There’s Matt Damon, when he interrupted black filmmaker Effie Brown to explain to her that having more people of colour working in film is unnecessary, because he, as a white male actor, totally understands diversity. On Twitter, there’s the male user who is determined to explain to a woman how she is doing science wrong, even though she’s a qualified astronaut and works for NASA.
There’s your landlord, who, when you email him a picture of the frayed and exposed wires in your ceiling light and let him know how seriously dangerous that is, responds with a simple: “That’s not dangerous, the lights are supposed to be that way.” Your brother, when you say you don’t like Pulp Fiction and he promptly spends fourty-five minutes lecturing you on how it’s “actually the greatest movie of all time”, and you’ve just not understood it properly. There’s even your boyfriend, when he tries to tell you that the real cure for period cramps isn’t a hot water bottle, some chocolate, and a good, long crying session, but is instead a nice jog around the park. (Dump him.)
And, by far the most ironic of all, there are the Mansplainers who Mansplain what sexism is (“You don’t *really* need to be afraid to walk outside alone at night, you’re just being paranoid! Not all men are rapists! Feminism isn’t needed, we have equality, everything is fine!”).
If you’re not familiar with the term, Mansplaining comes down to this: it’s when a male identifying person explains something, usually to a woman, in a condescending or patronising manner – because women obviously don’t have the mental capacity to understand what men do, right? Coined by Rebecca Sonlit in her essay Men Explain Things To Me, Mansplaining is an example of everyday sexism that women everywhere have to deal with. And it is extremely frustrating.
A Mansplainer can attack at a moment’s notice, sometimes in the disguise of a man that you might think is relatively nice. It can happen at home, in the workplace, at uni: anywhere at all, and so it’s important to be prepared. Here are a few tips for dealing with any mansplanations that you may find yourself dealing with.
1. Explain “Mansplaining” to them.
Give the Mansplainer the benefit of the doubt: after all, we’ve all been raised in a society steeped in patriarchal values, so maybe he just doesn’t realise what Mansplaining is. You don’t even have to be mean. e.g. “You might not realise, but right now you’re using a condescending tone and it’s really insulting. This is called “Mansplaining”; it’s in the dictionary, and I really think you should look it up so you don’t do it to other women in the future.”

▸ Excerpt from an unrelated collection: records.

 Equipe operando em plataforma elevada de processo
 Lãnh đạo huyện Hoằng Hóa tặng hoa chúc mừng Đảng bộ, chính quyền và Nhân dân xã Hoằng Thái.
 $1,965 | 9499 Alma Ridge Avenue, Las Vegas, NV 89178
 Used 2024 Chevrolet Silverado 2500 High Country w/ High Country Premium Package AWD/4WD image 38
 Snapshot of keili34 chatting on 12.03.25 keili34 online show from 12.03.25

Or, if they’re really rude, you can use this as an amazing opportunity to condescendingly explain what “Mansplaining” is, starting with, “You probably won’t understand this, but…”
Sweet, sweet justice.
2. Question them.
If you’re being lectured to about something you know quite a lot about, questioning is always a good tactic to use.

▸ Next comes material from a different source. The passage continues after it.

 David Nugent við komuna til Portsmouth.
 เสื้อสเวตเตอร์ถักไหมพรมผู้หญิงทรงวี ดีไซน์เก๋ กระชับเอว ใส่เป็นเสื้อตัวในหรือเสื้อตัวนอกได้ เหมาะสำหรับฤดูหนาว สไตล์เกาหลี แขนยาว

“Oh, I thought I knew loads about maths because I have a degree in it, but clearly you know more than me. Have you got a Masters?”

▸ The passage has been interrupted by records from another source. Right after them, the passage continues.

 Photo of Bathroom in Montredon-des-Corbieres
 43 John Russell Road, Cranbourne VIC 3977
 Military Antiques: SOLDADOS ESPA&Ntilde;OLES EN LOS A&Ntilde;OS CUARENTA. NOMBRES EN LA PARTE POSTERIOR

It’s always fun watching their faces as you slowly undermine their patriarchal authority.
3. Walk away, and secretly work on your plan to totally topple the Patriarchy.
You should absolutely not feel like you have to take Mansplaining, but at the same time it’s exhausting having to deal with manchildren constantly. Listening to hours of mansplanations can be exhausting and bad for your blood pressure, so there’s no shame in doing yourself a favour and just walking away.
And, as you go, this is a perfect time to think up a plan to wipe White Male Privilege from the Earth.
4. Smile and nod, and then smile gradually wider and wider, nodding faster and faster, until you’re maniacally nodding and smiling.
Nothing scares men more than an unattractive woman, so go crazy. Go cross eyed, if you can. Maybe even hiss like an enraged cat.
5. Above all else, challenge it.
You don’t need to take anyone’s Mansplaining. You don’t need to let anyone make you feel uncomfortable or stupid, and you don’t need to let a man speak for you. Twitter’s vice president of engineering Nandini Ramani recently said that her favourite way to deal with mansplaining is to challenge it, to “speak up, even when it’s hard.” (Source: CNBC). Don’t be afraid to be a bitch. If you’re being mansplained to, stand up for yourself, and tell them that it’s not ok.
You’re under no obligation to listen or to be nice to a Mansplainer. We don’t need to be endorsed to be taken seriously; we don’t need facts and figures, a PowerPoint presentation or a man giving us the thumbs up to make people listen to what we have to say. We don’t need to have our lived experiences explained back to us, our likes and dislikes challenged because our lady brains can’t possibly make good decisions. What we do need to do is shut this down, one Mansplainer at a time.